The most common challenge I see with start-up ventures is product infatuation. The founders are usually pretty excited about their product or service, having invented it or been heavily involved in its design, engineering, or implementation. But their infatuation gets in the way of solving the cash flow problems common in start-ups--no paying customers.

I would classify start-ups into two categories--those with paying customers and those without. Those with paying customers are much more likely to succeed, having passed the proof concept phase and validating they know how to get at least prospects to take the plunge into their product or service. I authored an article on American Express OPEN Forum in which I identify the nine ways paying customers are The Silver Bullet of Cash Flow.

The best way to solve the cash flow problems of a business is to focus on getting and retaining paying customers. If not having paying customers feels like you are stuck in the middle of the dessert during a drought, then you'll be amazed at how paying customers will end that drought and land you in plush land wherein there are more water sources than you even knew existed.

Friday, February 4, 2011

Business Scoreboards

Running a business without understanding performance is a lot like watching a sporting event with no scoreboard--you find yourself wondering what the point is.
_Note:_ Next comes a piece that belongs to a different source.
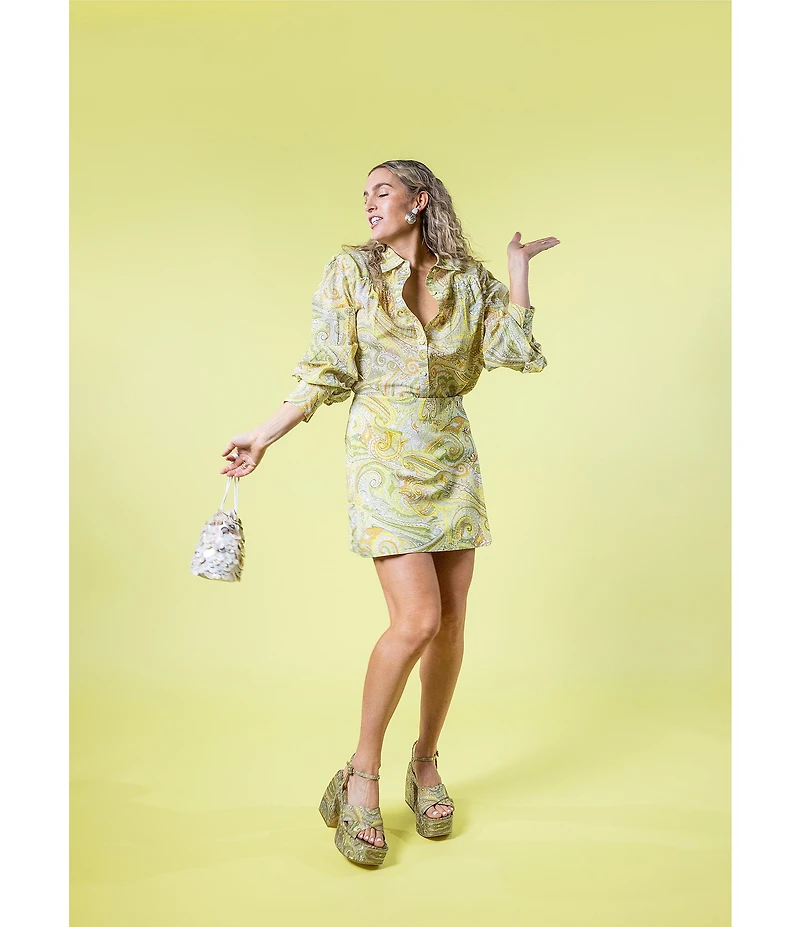 Antonio Melani x Amanda Jones Vaughan Goldie Coordinating Paisley Button Front Mini Skirt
Every performance measurement and statistic imaginable is employed in the world of sports, but too many business owners and entrepreneurs just don’t know how they are really doing. I find this particularly true in businesses that have grown beyond the capacity of one founder/entrepreneur to be involved I every detail of the business every day, which is usually once the company has a at least a few employees.
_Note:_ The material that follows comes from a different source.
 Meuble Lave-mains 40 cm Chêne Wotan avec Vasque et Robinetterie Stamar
I spoke at an event in 2010 wherein I was given 5 minutes to cover 20 presentation slides--the event is called a Crunch Lunch wherein experts and specialists in different areas provide back-to-back information-packed training to those in attendance. Here is the video of my presentation, which discusses the Six Scoreboards Every Business Needs™ and the IMPACT they can have on a business.

Monday, January 17, 2011

The Entrepreneurial Dilemma of a Bird in the Hand or Two in the Bush

Entrepreneurs face a dilemma every time they make a decision. They are constantly weighing the present and the future, trying to benefit both but often sacrificing one for the other. But that’s what makes entrepreneurship so risky, right? The unknown outcomes?

In The Dilemma of Entrepreneurial Decision-Making on American Express OPEN Forum®, I make this one major point: we need to ask ourselves how each decision we make in our business will potentially impact our future. The more realistic and grounded we are about the future, the better decisions we will make today, and the better the chances that our decisions will benefit today and tomorrow.
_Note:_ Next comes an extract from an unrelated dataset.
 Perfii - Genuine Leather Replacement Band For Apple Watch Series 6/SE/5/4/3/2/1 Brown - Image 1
Which brings me to the question I want to discuss in this post: Why does the saying “a bird in the hand is better than two in the bush” have to be so linear and definitive? Can’t we have both? Don’t we need to figure out how to have both if we want our businesses to survive?

I realize that one of the meanings of this saying is to help us be grateful for what we have, but entrepreneurs who spend too much time enjoying the fruits of their labors need to be careful. We are under constant attack by hungry, aggressive competitors who are frustrated they didn’t get the bird we got but are anxiously plotting to get the two in the bush.

Entrepreneurs need to take great care of the customers they have. We need to get clarity about why those customers are so happy to pay us and why our business model is being successful and ground our plans and projections for the future on that clarity. Then we will be able to make the types of decisions that will improve both–the bird in the hand and the two in the bush.

How do we do that? First, we need to consider our realistic vision of the future in every decision, like whether we should buy or build our next piece of technology or if we should over-promise a new customer. Then we need to continue to challenge our vision of the future with trends, market changes, new technology, and so many other factors to help us keep the birds in our hands while positioning our businesses for the opportunities of the future.